Content starts

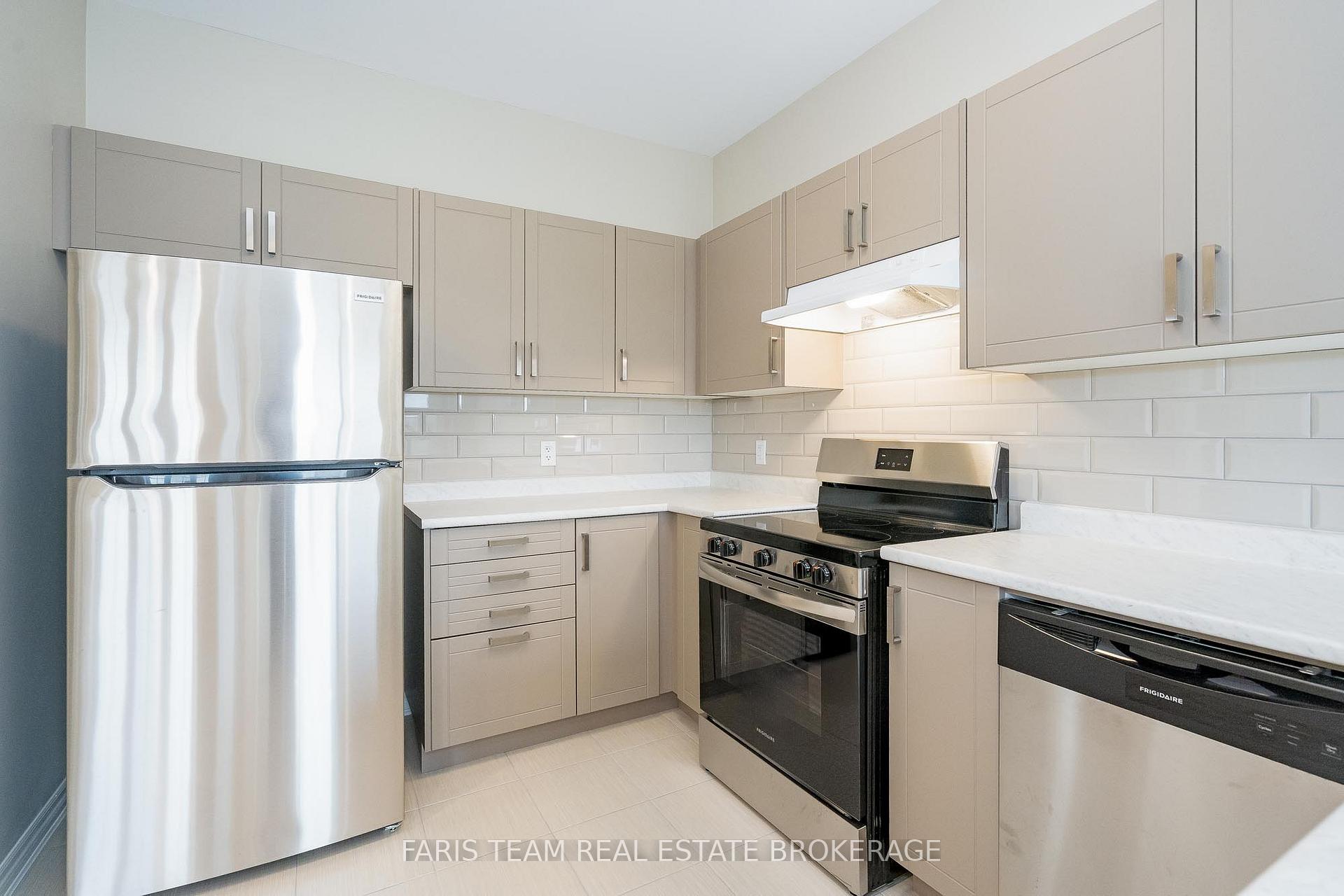 Photo 7 of 276 Springfield Crescent, Clearview, Stayner — HOMEH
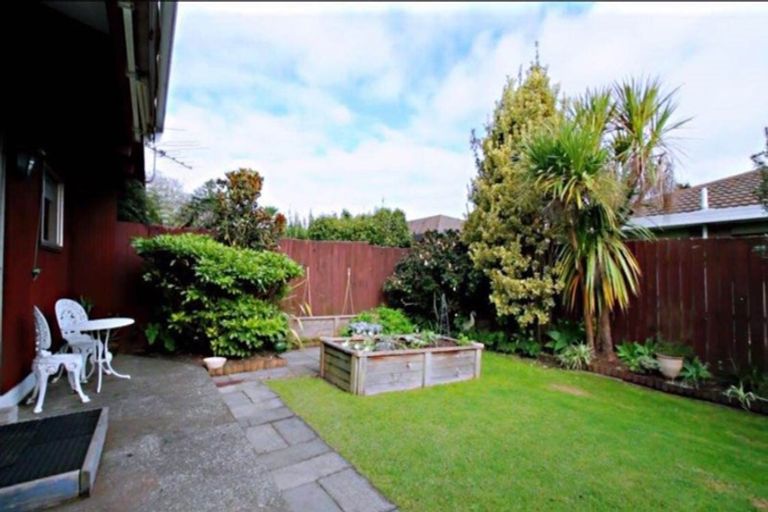 Photo of property in 2/35 Swanson Road, Henderson, Auckland, 0610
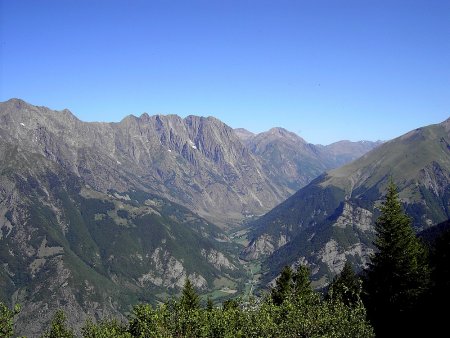 Vallée de la Malsanne dominé par le Grand Armet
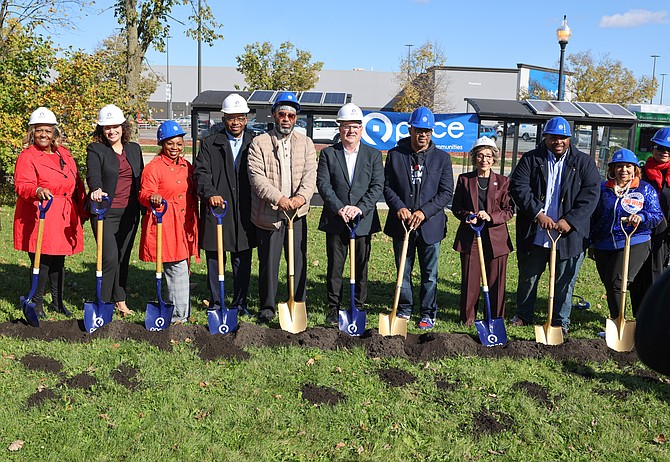 Assessor Cassandra Holbert-Elston, Pace Board Member and Commissioner of the Chicago Mayor’s Office Rachel Arfa, Alderwoman Shalisa Harvey, State Representative William Davis, Alderman Ramonde Williams, Pace Chairman Rick Kwasneski, Calumet City Mayor and Illinois State Representative Thaddeus Jones, PACE Executive Director Melinda Metzger, Alderman Dejuan Gardner, Alderwoman Monet Wilson, and Valencia Williams.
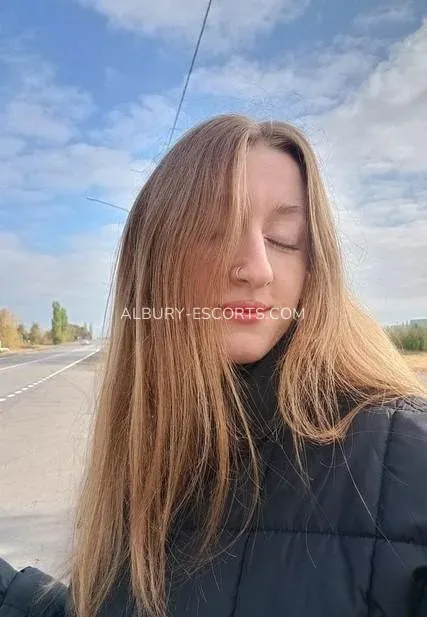 Albury escorts Marie — 1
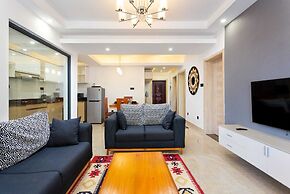 Stay.Plus Urban Oasis Apartment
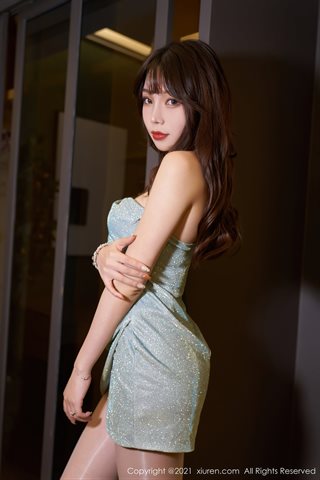 [XiuRen] No.3380 Déesse Zhizhi Booty chambre privée tube top robe avec des collants en soie de viande brillante montrer les fesses - 0007.jpg
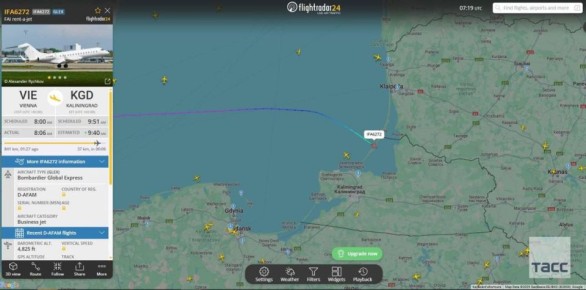, ,         ,       Flightradar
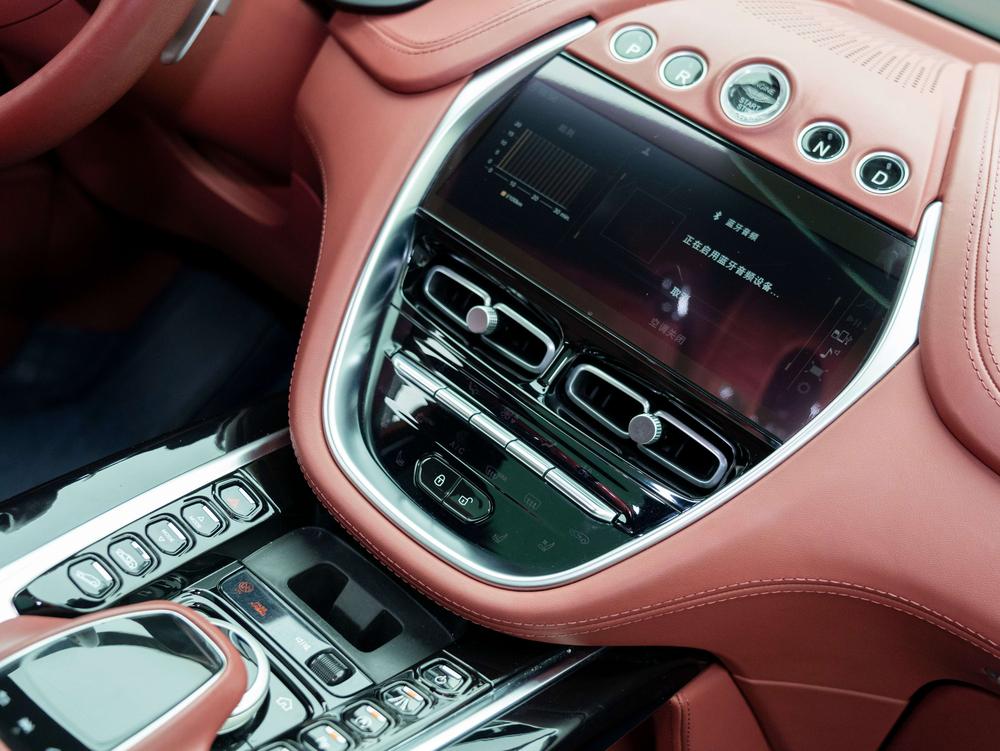 Aston Martin Aston Martin DBX
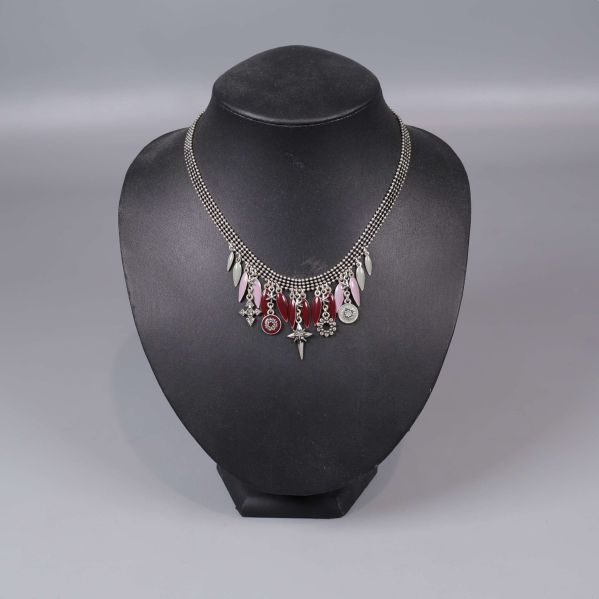 Halsband med bladformade och röda dekorativa hängen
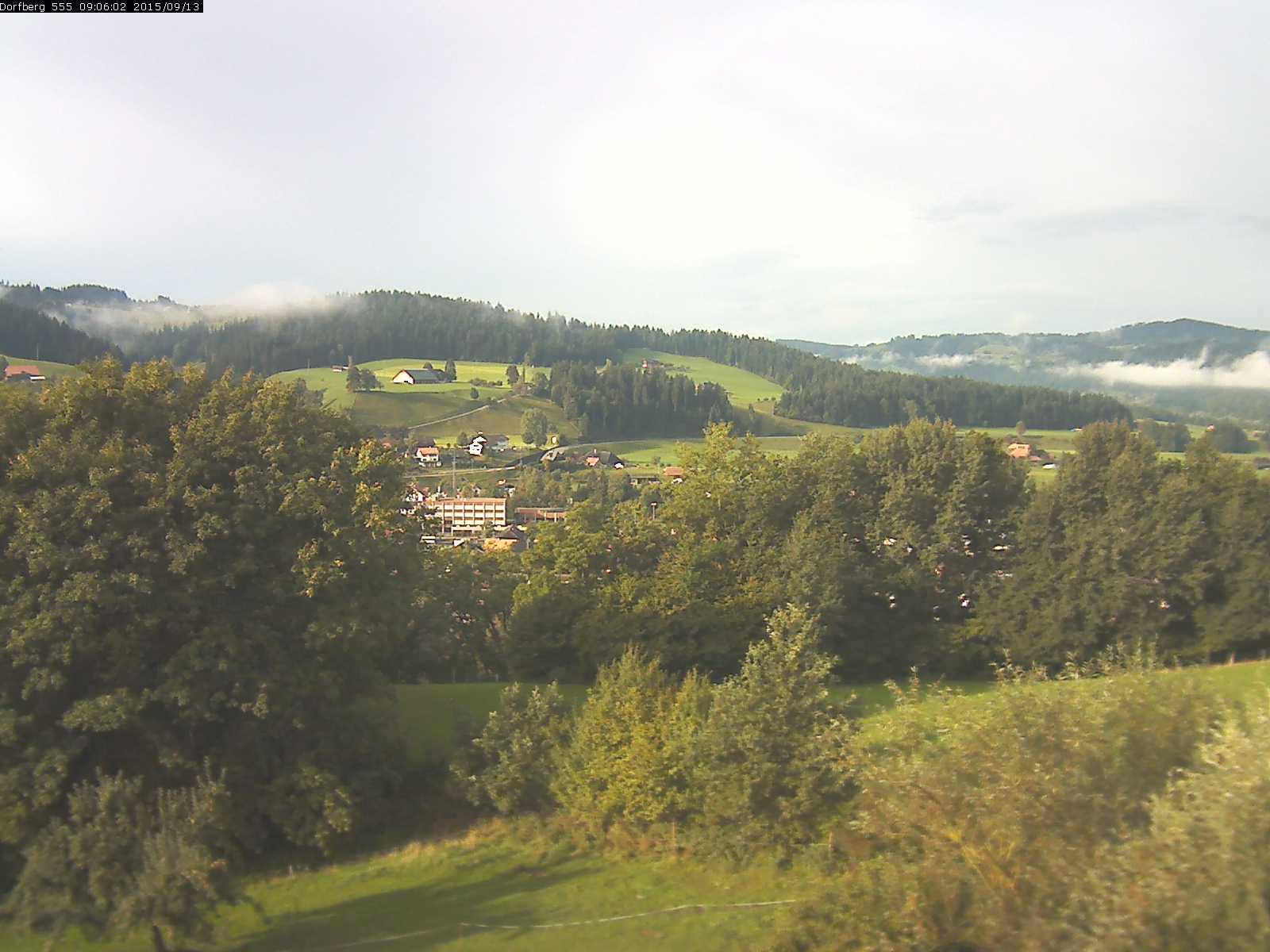 Webcam-Bild: Aussicht vom Dorfberg in Langnau 20150913-090601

Content ends

→ Task to carry out
Each line from the one containing "Halsband med bladformade" through the final line of the data must be reproduced exactly, both ends included, with no pictures in the copy.

→ Answer area
 Halsband med bladformade och röda dekorativa hängen
 Webcam-Bild: Aussicht vom Dorfberg in Langnau 20150913-090601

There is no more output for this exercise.